(Task prompt): Count lines holding the string "http" in the data that follows. Reply with one number only.

(Records to process):
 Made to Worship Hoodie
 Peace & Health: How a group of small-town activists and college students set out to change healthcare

--

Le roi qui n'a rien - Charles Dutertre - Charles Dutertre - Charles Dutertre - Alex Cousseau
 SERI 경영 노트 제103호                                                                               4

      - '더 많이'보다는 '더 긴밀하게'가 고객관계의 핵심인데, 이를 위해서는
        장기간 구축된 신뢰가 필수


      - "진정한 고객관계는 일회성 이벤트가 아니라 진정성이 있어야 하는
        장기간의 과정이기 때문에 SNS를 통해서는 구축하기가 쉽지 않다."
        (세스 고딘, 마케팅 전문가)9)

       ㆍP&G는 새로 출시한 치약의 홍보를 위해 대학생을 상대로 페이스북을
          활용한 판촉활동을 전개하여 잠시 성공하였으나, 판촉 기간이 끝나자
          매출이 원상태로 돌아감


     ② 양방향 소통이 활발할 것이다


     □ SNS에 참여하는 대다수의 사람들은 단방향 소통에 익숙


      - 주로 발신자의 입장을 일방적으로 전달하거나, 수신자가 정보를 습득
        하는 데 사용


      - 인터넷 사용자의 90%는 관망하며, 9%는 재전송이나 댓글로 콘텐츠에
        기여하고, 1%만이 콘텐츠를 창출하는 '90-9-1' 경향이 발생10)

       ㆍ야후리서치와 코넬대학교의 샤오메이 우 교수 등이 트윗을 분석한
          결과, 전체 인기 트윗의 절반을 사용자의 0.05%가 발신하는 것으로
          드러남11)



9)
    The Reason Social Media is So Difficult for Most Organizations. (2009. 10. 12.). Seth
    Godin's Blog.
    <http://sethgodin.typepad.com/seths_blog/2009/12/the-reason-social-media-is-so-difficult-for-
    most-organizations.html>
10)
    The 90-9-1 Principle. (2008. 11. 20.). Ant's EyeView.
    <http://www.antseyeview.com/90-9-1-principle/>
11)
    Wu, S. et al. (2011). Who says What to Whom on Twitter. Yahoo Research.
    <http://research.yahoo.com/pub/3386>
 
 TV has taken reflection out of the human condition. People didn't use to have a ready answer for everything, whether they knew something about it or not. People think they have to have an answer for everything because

* * *

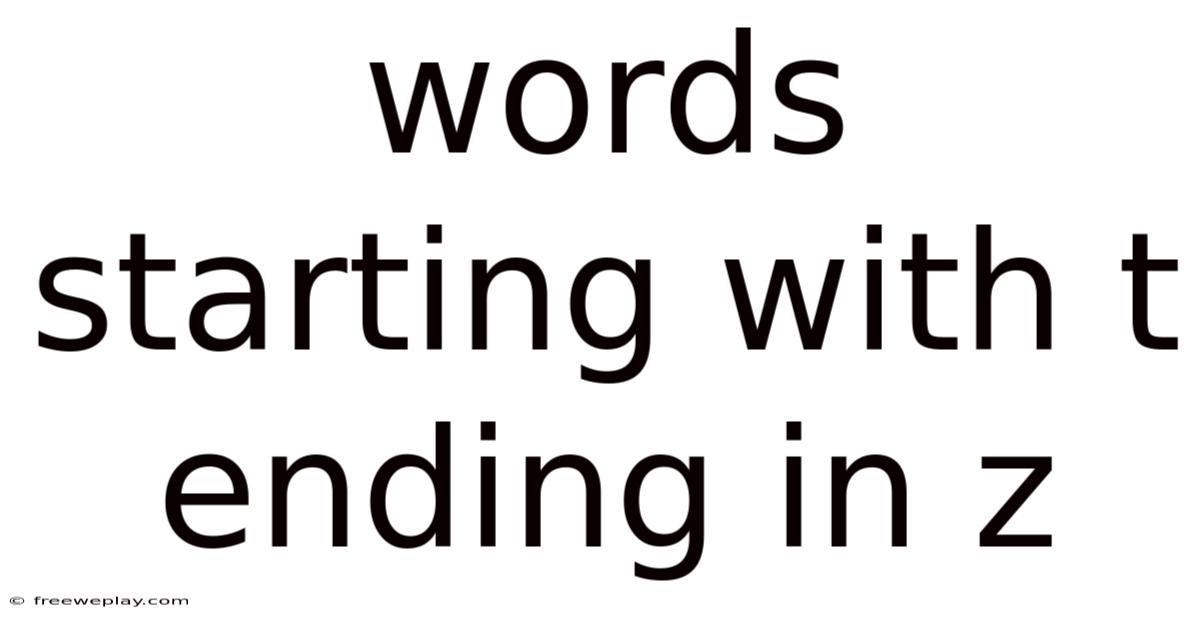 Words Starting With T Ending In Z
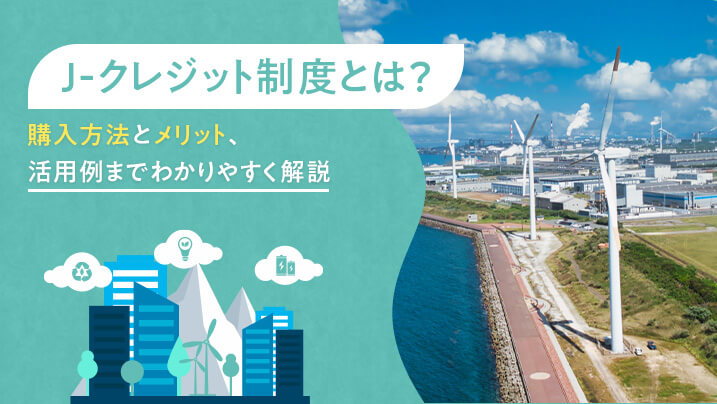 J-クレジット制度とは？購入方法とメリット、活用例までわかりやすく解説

(Response box): 3